[[ Material shown, beginning ]]
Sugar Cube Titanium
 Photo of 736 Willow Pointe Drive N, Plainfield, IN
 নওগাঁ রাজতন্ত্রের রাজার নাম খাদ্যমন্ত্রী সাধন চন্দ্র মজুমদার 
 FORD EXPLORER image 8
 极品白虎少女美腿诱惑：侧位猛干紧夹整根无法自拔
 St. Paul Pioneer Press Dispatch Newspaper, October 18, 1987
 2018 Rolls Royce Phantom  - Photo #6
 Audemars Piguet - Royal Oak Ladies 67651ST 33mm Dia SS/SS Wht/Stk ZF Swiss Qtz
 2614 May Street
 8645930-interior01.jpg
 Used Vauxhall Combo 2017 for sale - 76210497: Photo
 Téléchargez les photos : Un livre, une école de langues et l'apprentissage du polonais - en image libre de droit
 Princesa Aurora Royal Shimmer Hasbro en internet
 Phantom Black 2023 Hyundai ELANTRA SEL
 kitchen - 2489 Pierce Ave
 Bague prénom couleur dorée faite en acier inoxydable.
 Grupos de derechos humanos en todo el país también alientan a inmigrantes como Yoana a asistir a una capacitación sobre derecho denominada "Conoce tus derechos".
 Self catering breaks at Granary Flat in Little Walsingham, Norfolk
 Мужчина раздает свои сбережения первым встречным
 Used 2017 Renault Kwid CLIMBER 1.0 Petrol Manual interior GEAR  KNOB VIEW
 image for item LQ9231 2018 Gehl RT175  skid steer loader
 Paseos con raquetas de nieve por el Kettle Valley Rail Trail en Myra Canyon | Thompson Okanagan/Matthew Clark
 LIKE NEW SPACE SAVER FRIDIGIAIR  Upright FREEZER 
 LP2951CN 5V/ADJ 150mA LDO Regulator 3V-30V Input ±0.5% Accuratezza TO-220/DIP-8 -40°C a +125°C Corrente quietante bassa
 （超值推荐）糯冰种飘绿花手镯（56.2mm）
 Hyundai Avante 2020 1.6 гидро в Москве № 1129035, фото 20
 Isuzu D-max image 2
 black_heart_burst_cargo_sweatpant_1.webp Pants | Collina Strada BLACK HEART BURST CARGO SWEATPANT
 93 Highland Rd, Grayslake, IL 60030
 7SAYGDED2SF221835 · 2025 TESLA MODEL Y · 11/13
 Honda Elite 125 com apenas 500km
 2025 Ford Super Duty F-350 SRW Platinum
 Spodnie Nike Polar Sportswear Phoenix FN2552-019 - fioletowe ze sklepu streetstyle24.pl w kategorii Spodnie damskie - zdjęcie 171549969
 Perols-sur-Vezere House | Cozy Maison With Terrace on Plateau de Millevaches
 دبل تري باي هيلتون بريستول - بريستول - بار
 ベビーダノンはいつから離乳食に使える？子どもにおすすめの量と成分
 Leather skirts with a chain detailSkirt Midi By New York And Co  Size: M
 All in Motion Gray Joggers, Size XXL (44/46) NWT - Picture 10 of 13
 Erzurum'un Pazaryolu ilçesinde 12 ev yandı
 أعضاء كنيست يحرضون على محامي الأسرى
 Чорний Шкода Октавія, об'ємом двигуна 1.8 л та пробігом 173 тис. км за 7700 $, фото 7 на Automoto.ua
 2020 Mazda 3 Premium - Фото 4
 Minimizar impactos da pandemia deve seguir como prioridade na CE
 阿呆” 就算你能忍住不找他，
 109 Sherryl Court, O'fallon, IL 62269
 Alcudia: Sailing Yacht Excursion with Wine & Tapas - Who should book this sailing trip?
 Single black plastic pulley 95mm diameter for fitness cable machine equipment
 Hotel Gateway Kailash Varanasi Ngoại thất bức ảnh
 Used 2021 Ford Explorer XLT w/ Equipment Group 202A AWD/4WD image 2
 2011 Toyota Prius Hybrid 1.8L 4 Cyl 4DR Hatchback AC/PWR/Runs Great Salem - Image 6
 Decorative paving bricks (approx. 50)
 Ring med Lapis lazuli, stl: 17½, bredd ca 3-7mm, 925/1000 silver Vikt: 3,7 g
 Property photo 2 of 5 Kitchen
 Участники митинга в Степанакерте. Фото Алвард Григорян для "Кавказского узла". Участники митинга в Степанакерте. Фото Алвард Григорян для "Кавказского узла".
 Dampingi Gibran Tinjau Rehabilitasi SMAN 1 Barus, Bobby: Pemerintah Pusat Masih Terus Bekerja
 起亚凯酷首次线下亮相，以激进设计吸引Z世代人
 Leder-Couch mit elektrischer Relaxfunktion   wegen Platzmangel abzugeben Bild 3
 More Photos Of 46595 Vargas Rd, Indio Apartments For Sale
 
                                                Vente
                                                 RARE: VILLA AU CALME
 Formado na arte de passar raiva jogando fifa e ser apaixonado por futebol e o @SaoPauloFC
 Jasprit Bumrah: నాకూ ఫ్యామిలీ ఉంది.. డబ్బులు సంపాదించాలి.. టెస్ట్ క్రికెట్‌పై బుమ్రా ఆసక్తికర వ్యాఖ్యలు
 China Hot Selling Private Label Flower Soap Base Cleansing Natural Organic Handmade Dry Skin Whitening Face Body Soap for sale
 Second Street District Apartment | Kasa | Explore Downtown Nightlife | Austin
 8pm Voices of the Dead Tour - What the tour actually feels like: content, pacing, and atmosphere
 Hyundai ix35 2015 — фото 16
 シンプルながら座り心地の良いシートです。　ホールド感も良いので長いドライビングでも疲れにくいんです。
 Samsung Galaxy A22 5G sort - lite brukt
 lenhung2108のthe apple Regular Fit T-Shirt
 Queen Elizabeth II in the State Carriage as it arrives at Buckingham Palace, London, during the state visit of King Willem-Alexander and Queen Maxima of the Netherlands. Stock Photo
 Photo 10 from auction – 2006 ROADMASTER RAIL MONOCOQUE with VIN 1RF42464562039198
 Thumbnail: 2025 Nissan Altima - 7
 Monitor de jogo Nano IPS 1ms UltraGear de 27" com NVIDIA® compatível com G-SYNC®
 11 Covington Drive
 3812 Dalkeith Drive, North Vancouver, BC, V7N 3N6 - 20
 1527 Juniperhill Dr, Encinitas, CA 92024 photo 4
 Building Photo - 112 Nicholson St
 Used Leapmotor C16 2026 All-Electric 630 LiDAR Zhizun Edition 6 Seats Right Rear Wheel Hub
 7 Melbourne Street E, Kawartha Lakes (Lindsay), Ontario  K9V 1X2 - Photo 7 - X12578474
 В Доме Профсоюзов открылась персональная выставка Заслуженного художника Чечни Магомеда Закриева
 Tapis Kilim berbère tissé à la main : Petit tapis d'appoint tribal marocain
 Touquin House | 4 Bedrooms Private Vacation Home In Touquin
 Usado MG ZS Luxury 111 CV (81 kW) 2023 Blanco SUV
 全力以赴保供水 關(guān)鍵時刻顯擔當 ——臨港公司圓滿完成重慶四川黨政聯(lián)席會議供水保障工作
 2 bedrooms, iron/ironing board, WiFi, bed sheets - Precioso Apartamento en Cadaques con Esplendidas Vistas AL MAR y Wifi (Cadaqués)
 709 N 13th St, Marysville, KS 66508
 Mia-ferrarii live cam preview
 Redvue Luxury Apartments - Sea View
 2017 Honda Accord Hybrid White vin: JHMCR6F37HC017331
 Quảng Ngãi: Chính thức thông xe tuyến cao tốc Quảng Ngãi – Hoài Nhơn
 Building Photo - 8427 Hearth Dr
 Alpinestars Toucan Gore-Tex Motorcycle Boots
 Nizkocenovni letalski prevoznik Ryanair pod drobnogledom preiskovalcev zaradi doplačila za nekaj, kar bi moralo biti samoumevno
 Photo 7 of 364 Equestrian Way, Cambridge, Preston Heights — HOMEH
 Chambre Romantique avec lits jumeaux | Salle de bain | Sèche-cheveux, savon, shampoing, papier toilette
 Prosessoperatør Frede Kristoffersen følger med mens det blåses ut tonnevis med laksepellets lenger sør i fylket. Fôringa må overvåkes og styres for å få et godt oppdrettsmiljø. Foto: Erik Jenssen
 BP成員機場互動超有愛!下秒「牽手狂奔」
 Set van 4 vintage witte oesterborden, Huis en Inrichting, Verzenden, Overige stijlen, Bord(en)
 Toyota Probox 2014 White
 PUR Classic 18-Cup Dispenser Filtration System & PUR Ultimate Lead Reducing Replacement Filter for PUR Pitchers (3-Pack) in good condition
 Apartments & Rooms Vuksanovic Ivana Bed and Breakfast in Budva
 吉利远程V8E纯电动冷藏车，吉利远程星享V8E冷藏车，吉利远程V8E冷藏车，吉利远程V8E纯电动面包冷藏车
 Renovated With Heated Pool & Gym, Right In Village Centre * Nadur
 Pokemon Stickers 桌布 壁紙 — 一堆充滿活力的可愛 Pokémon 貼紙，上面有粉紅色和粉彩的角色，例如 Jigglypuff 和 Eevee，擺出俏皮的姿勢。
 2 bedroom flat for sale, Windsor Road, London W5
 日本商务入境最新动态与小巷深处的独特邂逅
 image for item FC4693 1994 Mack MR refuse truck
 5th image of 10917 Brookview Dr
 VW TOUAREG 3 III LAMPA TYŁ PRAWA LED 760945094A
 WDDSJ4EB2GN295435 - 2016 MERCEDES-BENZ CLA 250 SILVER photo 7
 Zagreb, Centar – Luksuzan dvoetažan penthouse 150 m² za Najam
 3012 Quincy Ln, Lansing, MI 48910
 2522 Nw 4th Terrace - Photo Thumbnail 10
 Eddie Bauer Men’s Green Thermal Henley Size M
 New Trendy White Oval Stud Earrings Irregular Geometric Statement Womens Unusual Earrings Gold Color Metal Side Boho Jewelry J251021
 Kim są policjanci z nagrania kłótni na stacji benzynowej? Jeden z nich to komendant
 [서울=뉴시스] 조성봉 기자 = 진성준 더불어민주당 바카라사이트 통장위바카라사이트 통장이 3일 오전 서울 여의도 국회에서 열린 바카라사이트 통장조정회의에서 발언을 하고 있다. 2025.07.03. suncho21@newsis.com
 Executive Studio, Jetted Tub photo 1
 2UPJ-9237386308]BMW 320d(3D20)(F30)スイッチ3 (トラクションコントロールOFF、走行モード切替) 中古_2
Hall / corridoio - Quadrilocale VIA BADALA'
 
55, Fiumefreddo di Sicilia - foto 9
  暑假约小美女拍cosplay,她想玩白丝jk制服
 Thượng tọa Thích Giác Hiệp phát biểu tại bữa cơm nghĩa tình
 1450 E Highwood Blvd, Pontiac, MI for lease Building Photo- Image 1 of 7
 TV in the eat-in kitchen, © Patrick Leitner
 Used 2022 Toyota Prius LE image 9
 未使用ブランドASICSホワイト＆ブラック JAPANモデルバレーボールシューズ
[[ Material shown, end ]]
- **Task details**: From the entries, copy out each line containing the word "Used".

- **Solution for this exercise**:
 Used Vauxhall Combo 2017 for sale - 76210497: Photo
 Used 2017 Renault Kwid CLIMBER 1.0 Petrol Manual interior GEAR  KNOB VIEW
 Used 2021 Ford Explorer XLT w/ Equipment Group 202A AWD/4WD image 2
 Used Leapmotor C16 2026 All-Electric 630 LiDAR Zhizun Edition 6 Seats Right Rear Wheel Hub
 Used 2022 Toyota Prius LE image 9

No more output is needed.